My 18 year old has a learning disability (dyslexia and processing issues) so he's been in need of tutors and special learning programs pretty much his whole life. I feel that his graduating on time is a huge accomplishment for him and it didn't come easily. Lots of late nights studying and managing assignments at the kitchen table with me at his side. He was often combative and his confidence declined significantly over the course of years because of his academic struggles. I am so happy to say that with all of the struggles, arguments and pushing, he came out of this with no issues relating to drugs, alcohol or bad behaviors. He also has a pretty good set of friends. Our house was where he would bring his friends for sleepovers, movie watching, x-box playing and hangouts. I always provided a safe place for them to be...springing for pizzas, gatorades and snacks each weekend. My 16 year old son also became friends with a lot of my 18 year old's friends as well. Seriously, these teenagers are all good kids who have graduated and are going on to good schools. So here is the rub. My son, always saw me as the disciplinarian....pushing him to complete assignments, dealing with late night studies for tests and driving him to tutors and after school programs. I would also ask that he help around the house...keeping his room clean (which he rarely did), mowing the lawn, walking dogs, etc. I ask these things of my 16 year old as well. My soon to be ex would never get involved, always staying detached and aloof. He didn't help with school assignments, didn't go to teacher meetings or conferences pertaining to our son.
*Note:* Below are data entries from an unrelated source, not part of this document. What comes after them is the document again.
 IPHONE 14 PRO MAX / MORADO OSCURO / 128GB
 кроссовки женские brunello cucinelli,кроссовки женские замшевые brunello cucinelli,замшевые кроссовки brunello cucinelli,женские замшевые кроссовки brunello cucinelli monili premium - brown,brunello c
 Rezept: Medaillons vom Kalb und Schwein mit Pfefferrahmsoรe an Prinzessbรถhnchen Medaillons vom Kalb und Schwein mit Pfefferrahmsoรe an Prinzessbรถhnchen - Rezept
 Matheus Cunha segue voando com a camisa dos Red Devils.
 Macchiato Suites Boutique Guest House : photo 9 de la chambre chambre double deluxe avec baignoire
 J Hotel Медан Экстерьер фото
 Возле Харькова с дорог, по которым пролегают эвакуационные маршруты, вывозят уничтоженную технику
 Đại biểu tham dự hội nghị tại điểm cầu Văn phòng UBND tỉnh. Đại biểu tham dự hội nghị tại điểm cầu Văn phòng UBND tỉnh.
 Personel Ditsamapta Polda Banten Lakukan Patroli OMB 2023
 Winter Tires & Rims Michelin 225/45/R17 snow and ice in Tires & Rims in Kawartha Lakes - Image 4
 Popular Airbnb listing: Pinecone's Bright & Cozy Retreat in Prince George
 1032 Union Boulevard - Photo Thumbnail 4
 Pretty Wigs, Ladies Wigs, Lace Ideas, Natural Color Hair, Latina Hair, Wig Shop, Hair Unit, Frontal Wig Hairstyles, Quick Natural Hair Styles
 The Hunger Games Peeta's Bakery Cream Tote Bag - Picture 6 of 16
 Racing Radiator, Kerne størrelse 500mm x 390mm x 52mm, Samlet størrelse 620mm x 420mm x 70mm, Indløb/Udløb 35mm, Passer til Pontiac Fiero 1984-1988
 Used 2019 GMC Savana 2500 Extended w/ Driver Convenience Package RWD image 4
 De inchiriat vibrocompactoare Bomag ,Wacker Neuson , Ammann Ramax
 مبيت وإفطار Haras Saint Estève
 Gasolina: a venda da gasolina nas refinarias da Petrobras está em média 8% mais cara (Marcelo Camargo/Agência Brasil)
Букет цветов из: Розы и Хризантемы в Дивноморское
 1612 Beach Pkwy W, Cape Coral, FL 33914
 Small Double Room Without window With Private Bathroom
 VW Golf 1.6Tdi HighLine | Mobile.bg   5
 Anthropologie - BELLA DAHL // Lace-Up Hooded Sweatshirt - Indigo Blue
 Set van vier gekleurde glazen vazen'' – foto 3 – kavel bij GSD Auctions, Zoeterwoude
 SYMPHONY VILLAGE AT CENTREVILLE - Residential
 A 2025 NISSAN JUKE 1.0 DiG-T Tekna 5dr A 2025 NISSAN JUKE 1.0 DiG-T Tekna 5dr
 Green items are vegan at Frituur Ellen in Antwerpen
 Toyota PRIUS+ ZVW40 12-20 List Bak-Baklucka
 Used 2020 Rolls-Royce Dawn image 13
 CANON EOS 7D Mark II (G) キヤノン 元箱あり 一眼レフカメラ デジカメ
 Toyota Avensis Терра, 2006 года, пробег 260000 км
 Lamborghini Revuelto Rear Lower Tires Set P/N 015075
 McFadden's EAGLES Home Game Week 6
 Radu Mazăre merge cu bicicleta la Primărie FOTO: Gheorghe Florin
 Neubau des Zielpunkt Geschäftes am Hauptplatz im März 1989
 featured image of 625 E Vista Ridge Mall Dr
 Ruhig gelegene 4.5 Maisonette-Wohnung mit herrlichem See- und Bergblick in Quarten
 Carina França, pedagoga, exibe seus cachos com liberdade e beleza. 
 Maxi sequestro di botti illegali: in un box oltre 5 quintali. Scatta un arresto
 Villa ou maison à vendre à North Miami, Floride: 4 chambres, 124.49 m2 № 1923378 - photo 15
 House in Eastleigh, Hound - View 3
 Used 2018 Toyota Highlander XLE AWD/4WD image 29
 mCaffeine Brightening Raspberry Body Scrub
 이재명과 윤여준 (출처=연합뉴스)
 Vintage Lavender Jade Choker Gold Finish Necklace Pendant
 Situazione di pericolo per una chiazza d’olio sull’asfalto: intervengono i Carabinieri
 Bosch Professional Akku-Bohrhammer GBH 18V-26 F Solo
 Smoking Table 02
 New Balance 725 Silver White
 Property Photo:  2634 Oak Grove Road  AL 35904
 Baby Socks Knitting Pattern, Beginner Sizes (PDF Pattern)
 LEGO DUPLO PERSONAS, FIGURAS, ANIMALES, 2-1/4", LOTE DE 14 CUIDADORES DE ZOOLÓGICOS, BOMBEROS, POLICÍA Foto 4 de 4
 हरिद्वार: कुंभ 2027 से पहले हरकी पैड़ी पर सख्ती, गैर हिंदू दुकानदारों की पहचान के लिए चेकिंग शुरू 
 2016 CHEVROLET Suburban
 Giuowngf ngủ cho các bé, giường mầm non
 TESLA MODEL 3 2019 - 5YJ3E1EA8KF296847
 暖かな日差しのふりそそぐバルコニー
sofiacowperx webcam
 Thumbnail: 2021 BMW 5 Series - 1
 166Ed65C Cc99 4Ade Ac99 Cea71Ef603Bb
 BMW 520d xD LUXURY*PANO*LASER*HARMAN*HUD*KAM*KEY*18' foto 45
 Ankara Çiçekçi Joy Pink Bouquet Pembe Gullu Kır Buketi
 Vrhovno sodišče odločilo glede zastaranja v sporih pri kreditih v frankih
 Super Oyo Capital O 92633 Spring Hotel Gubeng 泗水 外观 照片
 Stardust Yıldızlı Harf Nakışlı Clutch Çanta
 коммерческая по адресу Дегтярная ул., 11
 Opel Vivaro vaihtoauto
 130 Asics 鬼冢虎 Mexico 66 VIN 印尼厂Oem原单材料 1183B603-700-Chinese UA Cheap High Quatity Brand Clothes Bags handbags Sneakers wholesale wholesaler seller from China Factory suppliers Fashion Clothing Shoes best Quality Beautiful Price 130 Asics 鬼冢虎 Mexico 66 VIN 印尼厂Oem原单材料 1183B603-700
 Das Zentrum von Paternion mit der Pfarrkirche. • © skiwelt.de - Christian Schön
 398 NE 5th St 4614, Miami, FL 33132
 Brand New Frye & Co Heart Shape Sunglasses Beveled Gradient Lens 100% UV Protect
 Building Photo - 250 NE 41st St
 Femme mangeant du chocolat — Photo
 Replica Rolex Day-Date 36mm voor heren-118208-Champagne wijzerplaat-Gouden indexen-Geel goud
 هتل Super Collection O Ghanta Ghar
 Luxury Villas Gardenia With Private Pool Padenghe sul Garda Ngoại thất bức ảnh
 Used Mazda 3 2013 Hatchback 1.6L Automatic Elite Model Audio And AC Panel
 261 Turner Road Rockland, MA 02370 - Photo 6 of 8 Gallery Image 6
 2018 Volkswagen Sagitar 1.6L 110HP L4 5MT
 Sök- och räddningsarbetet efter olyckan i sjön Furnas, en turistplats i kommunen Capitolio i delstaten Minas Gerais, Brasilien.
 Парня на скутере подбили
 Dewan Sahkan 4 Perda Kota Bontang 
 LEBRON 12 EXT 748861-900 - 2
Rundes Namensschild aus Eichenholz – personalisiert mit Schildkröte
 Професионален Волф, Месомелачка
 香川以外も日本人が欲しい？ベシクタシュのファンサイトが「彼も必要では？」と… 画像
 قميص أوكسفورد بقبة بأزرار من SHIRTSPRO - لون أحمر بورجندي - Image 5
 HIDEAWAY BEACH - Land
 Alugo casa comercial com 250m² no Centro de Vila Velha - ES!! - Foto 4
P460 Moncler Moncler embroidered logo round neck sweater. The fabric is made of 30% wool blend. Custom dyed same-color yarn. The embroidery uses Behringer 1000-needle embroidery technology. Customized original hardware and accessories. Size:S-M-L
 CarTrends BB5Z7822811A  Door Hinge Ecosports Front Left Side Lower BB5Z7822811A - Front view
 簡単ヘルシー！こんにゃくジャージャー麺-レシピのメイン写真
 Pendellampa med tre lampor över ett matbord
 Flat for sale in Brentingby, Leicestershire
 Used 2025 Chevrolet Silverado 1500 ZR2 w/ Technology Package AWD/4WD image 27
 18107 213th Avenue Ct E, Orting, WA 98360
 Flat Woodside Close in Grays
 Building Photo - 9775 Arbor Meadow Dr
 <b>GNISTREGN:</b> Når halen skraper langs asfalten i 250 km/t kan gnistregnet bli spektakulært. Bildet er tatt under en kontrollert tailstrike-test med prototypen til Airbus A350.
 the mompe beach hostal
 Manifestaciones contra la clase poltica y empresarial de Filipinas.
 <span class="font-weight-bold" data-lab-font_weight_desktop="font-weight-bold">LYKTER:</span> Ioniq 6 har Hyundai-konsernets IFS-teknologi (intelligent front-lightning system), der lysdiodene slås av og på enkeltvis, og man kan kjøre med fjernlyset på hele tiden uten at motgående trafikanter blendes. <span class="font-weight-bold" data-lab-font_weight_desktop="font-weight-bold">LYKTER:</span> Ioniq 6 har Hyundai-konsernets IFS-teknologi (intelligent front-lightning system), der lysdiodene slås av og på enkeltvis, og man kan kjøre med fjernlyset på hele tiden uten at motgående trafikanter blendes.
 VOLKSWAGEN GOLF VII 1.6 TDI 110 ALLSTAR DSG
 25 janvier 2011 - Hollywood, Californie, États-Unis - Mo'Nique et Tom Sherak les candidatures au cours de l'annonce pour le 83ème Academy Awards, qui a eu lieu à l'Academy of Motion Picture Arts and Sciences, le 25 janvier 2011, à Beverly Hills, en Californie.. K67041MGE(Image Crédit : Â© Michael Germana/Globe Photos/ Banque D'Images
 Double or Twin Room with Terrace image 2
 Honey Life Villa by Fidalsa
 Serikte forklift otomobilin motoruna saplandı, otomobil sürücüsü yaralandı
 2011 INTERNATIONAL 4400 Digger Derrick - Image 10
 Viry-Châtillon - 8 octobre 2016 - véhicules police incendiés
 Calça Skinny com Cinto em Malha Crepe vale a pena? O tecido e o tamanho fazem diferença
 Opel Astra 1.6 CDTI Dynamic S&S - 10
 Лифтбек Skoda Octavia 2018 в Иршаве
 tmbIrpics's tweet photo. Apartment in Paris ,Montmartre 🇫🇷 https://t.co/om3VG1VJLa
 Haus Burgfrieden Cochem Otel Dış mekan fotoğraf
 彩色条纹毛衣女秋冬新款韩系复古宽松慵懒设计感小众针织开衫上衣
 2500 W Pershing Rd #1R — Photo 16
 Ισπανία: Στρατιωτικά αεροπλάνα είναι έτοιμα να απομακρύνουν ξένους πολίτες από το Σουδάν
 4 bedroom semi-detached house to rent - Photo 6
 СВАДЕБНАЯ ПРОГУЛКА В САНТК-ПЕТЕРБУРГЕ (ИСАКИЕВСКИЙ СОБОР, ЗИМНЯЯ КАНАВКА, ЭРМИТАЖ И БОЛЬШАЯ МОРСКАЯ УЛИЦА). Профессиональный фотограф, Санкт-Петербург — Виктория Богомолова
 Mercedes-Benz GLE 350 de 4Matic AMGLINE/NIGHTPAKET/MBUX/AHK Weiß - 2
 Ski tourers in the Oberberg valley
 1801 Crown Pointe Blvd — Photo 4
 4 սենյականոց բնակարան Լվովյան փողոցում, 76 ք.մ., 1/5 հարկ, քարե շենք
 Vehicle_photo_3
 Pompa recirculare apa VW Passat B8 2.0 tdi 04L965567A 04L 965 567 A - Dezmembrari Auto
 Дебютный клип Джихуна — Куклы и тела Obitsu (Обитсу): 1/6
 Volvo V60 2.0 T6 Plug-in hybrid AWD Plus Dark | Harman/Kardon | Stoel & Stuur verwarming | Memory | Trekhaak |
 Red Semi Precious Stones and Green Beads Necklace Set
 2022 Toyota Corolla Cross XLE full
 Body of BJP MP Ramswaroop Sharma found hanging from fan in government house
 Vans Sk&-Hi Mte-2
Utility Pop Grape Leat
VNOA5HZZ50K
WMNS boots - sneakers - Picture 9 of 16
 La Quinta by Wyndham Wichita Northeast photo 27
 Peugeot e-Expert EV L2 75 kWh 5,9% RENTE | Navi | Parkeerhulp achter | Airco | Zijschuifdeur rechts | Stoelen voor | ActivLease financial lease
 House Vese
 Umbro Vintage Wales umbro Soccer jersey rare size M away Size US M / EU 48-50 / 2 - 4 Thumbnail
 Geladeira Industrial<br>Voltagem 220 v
My husband was/is a hard worker but never got involved in family related things. He has a great job, he tended to the yard work when he lived here and he is quite handy with home renovation type things. He has a fun personality (when he's not drinking) Here is/was the problem. He drank alcohol (a lot) after work and often becoming intoxicated during the evenings. He would not join the family for meals or for school related events, would not help with sports practices multiple times each week...although he did attend the games. He was typically working in the back yard with a can of beer in his hand or sitting on the sofa with a laptop in his lap. Also, he travelled a lot for his work...since the kids were born really so this left me to managing everything in his absence anyway. I became accustomed to this lifestyle. It wasn't easy. It wasn't how I envisioned my "married" life to be but these were the cards that I was dealt. Hence, the dissolution of our marriage. And to be honest, I never felt that my husband was cheating on me or anything like that. He was just not engaged with his family when he "was" home. He drank/drinks too much. He had/has a quick temper too. When he left in December, it was the last straw for me so I just told him to stay out this time. He's left on many other occasions in the past (and I always let him come home) because I just couldn't bring myself to be a part of a family "breakup". I finally realized this past December that the kids were having to deal with the dysfunction of his leaving and returning and it just wasn't "normal". I finally said no more. So my husband and I are legally separated, according to our states laws, and will be for one year. Then the divorce takes place. He rented a one bedroom apartment 2 miles down the road. One bedroom...not two or three. My kids go there every other weekend, staying on Saturday nights and then returning home early Sunday afternoon. This was my husband's idea, one night every other weekend. My youngest boy doesn't like it over there because, quite frankly, the one bedroom is small. My husband gives him his bedroom and the bed when my youngest is there. My 18 year old sleeps on the couch..and my husband sleeps on the floor. This arrangement doesn't sit well with me and I've told my husband to figure out a better solution. It's been 7 months and he is still in the one bedroom apartment.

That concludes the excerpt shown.